CYBERSECURITY has become the mainstay of national security and is as important as other branches of security such as economic and food security.
The first cybersecurity conference and exhibition recently hosted by Bahrain came at the right time. This vital topic is of growing importance, especially considering the high-level participation of distinguished companies, speakers, and experts from around the world.
I don’t claim to be familiar with all aspects of cybersecurity but this term, which has started to circulate a lot over the past few years, has made me pay attention to it, read about it, and discover that every one of us is concerned with it.
Anyone who connects to the Internet through a mobile phone or computer is vulnerable to hacking, tracking, theft of data, information and money or extortion, at the level of individuals, institutions, companies, and organisations.
Cyberspace has developed into a furious theatre of conflict between nations. Indeed, what we observe in the confrontation between Russia and Ukraine may not be as heated as the two nations’ cyber war.
This new war between the two countries aim to sabotage defence systems, follow the movements of military units, and sabotage electricity, water, sewage, and anything connected to the Internet.
The Cold War has not stopped.
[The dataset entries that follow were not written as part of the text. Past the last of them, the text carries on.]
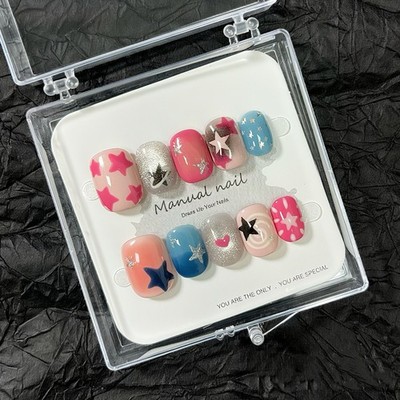 10Pcs Cute Round Star Nails Candy Color 3D Design Removable Girl Nails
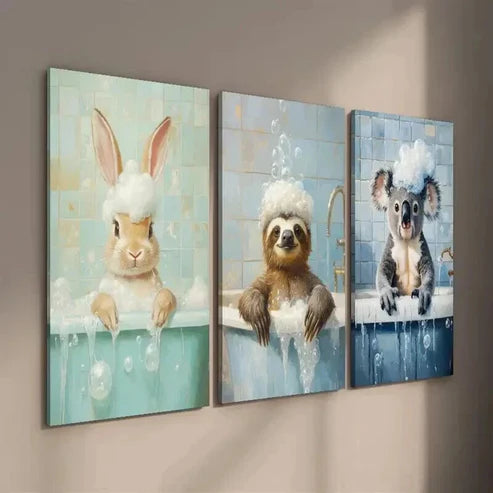 3pcs Cute Bunny Sloth Raccoon in Bathtub Wall Art Set Canvas Unframed - High Quality Print 100% Australian Made Wall Canvas - Bella Home Decor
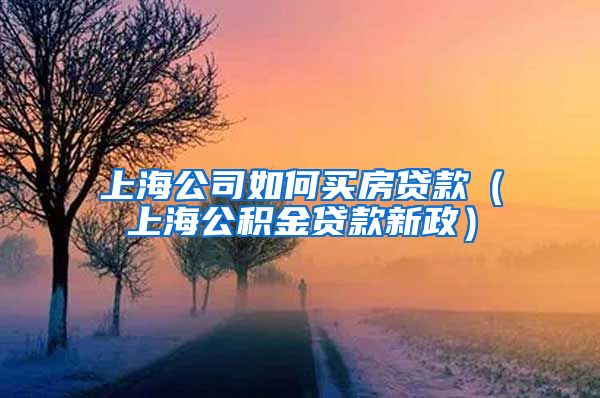 上海公司如何买房贷款（上海公积金贷款新政）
Its shape has changed. Witness the relationship between China and the US, each one accuses the other of hacking their systems and spying on military, political, technical, industrial, and other plans. And let’s not forget the accusations of Russia interfering in the US elections by hacking and tampering with Internet content.
Cyber warfare does not stop especially between the various intelligence services. Spies no longer need to be recruited and trained for years before they can be sent to hunt for information here and there. The trend has become to train cyberhackers who can penetrate computers, networks, and information systems, without exposing themselves to the slightest danger.
Earlier on, Israel became aware of the importance of cybersecurity and invested a lot in it. It also became the first in the Middle East in this field, and benefited from it commercially, as its companies sell cybersecurity services worth billions to many countries of the world.
New technologies bring with them new challenges. When we started using the Internet, we didn’t know that our privacy would be compromised, and when we used the mobile phone, we didn’t know that the chip inside it made our location precisely specific to other parties. Some well-known applications from Google even follow our movements and send us at the end of each month the routes we walked and how long we stayed everywhere at any place.
This in no way means abandoning new technologies, because they have become essential to our daily lives and our work. But there is no harm in having a good level of awareness of how to maintain our privacy and cybersecurity. I know people who put their phones in the fridge when they want to talk about something or do something secretive or sensitive, for fear of being spied on.
We hope that Bahrain’s hosting of the first cybersecurity conference and exhibition will open the door to broader international co-operation to counter cyber threats and facilitate exchanges on cyber laws and regulations. The event underscores Bahrain’s commitment to protecting its interests in cyberspace and developing a national cybersecurity strategy to address current and escalating cyber threats.
One more point on this subject: Spreading knowledge among us is possibly the most crucial thing we can do to safeguard both ourselves and our companies against hackers. The most important thing is that good morals and values are promoted throughout society. And, as the Golden Rule suggests, “Do not do to your friend what you would not want him to do to you.”